_Requirement:_ Set down only these lines, exactly: the line containing "Summer 2026 New" and all lines through the end of the data below. Omit pictures.

(Dataset content begins)

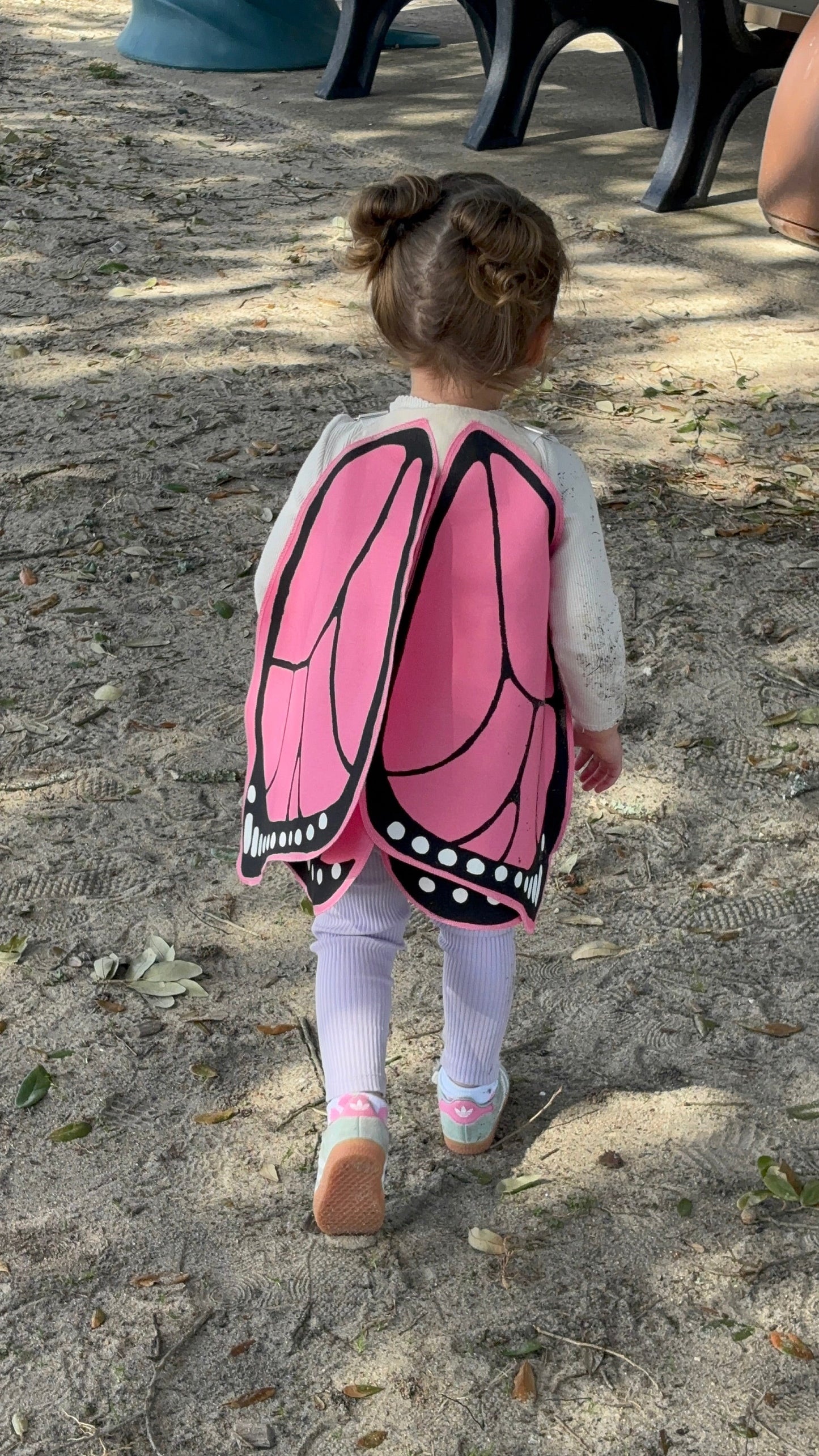 Pink Monarch Butterfly Wings Costume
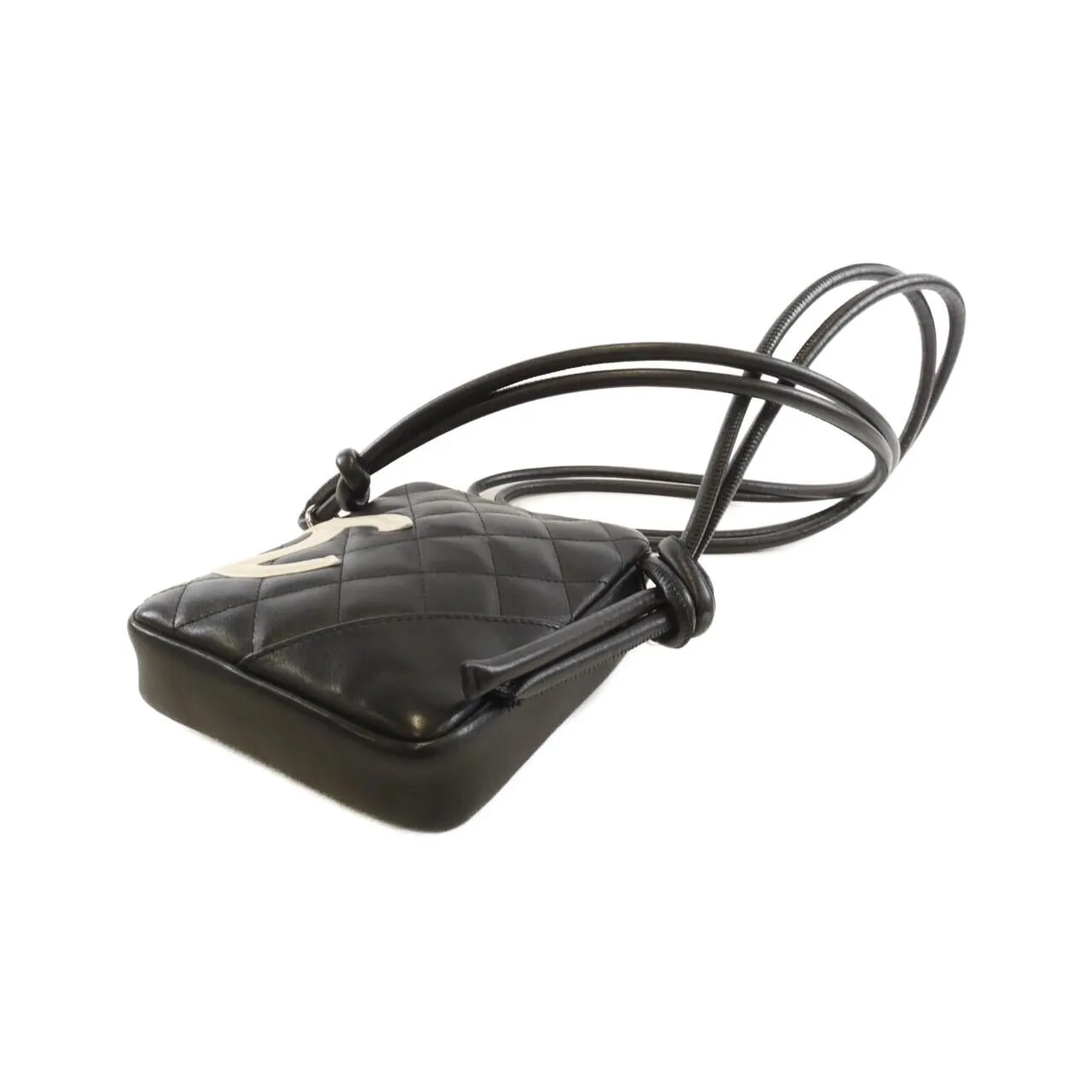 CHANEL Cambon 25177 Shoulder 黑色 中古品B - 縮圖 3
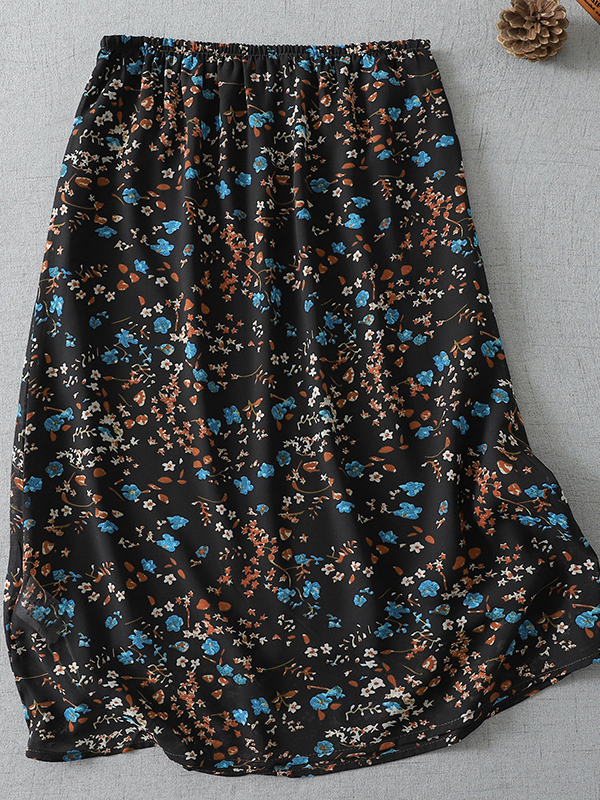 Summer 2026 New Elastic Waist  - A-Line Skirt Midi ulasan dan harga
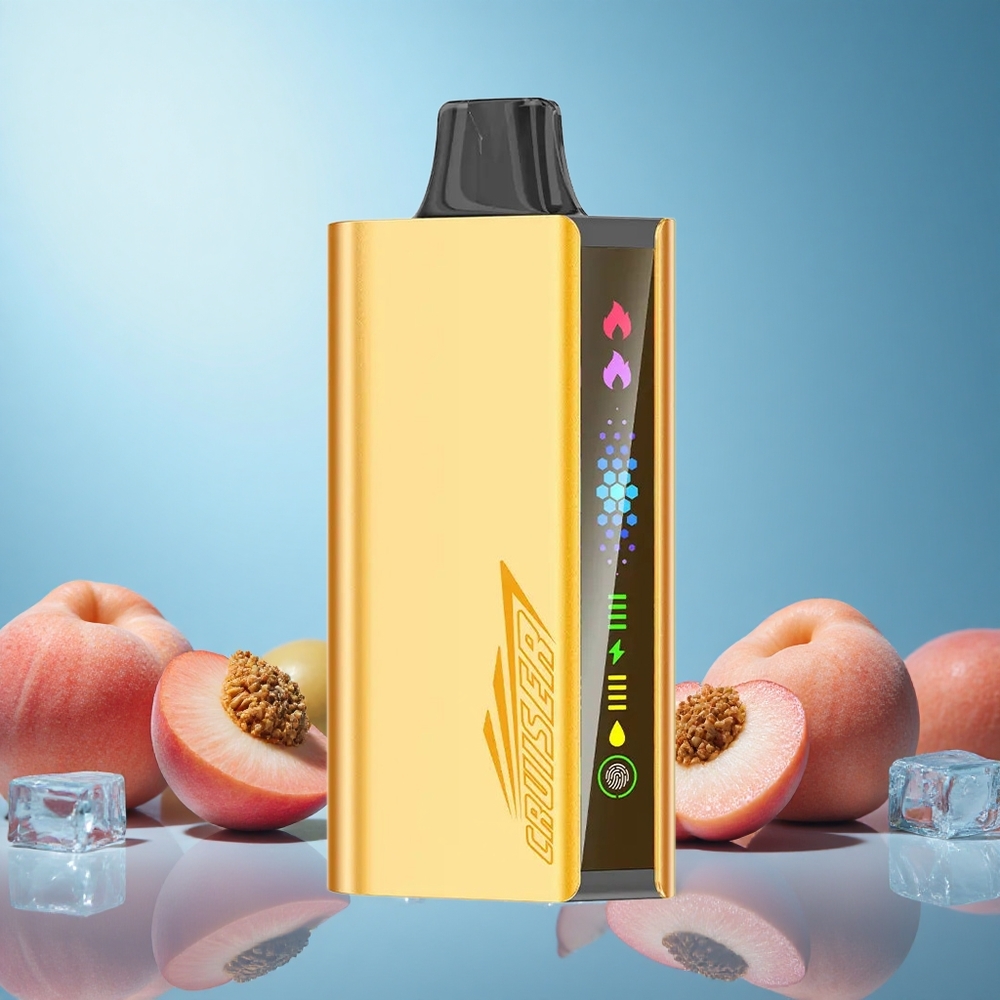JNR Cruiser 12000 Puffs Broskev Led Kombinace Bezdobíjecí jednorázová e-cigareta s 25ml náplní a 3500 mAh baterií Czech Republic vape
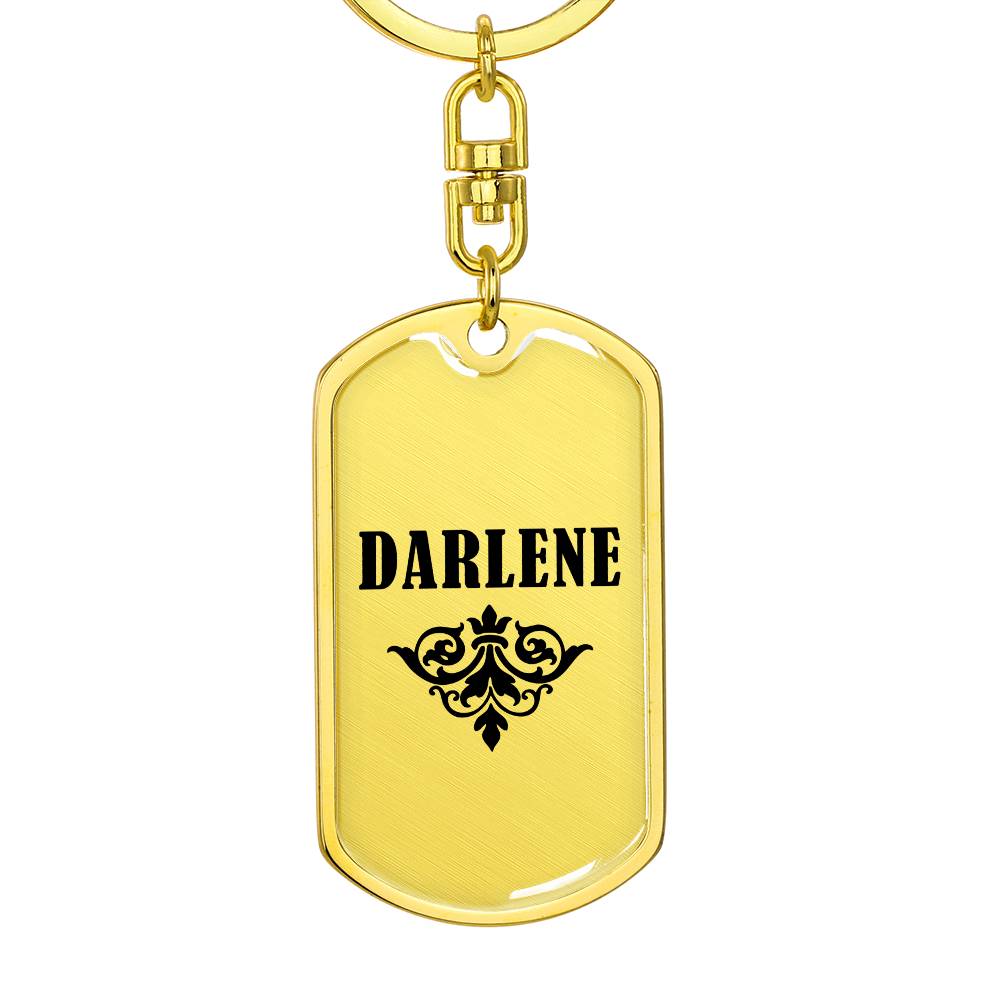 Darlene v01a - Luxury Dog Tag Keychain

(Dataset content ends)

_Exercise answer:_
 Summer 2026 New Elastic Waist  - A-Line Skirt Midi ulasan dan harga
JNR Cruiser 12000 Puffs Broskev Led Kombinace Bezdobíjecí jednorázová e-cigareta s 25ml náplní a 3500 mAh baterií Czech Republic vape
 Darlene v01a - Luxury Dog Tag Keychain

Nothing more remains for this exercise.